Eversheds Sutherland (US) LLP

The National Association of Insurance Commissioners (NAIC) Reinsurance (E) Task Force has issued updated proposed revisions to the Credit for Reinsurance Model Law and the Credit for Reinsurance Model Regulation (Credit for Reinsurance Models) to address the reinsurance collateral provisions of the covered agreement between the United States (US) and the European Union (EU) (and more recently, the covered agreement between the US and the United Kingdom (UK)). The proposed revisions have been exposed for a 25-day comment period, ending April 1, 2019. For background on the EU/UK covered agreements, their reinsurance collateral provisions and their genesis, see this Eversheds Sutherland Legal Alert.
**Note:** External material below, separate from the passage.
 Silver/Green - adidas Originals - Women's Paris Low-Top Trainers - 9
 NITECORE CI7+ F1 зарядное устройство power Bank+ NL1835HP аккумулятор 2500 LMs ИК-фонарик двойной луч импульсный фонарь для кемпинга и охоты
Revisions to the Credit for Reinsurance Models were expected to be adopted by the NAIC Executive Committee and Plenary in December 2018, but adoption was deferred so that the NAIC could make further changes to address concerns raised by the US Department of the Treasury (Treasury). Treasury’s concerns relate to some inconsistencies between revisions to the Credit for Reinsurance Models that were initially proposed and the EU/UK covered agreements, including provisions that granted state insurance regulators discretion that could result in reinsurance collateral requirements that were inconsistent with the EU/UK covered agreements or similar agreements that might be negotiated in the future.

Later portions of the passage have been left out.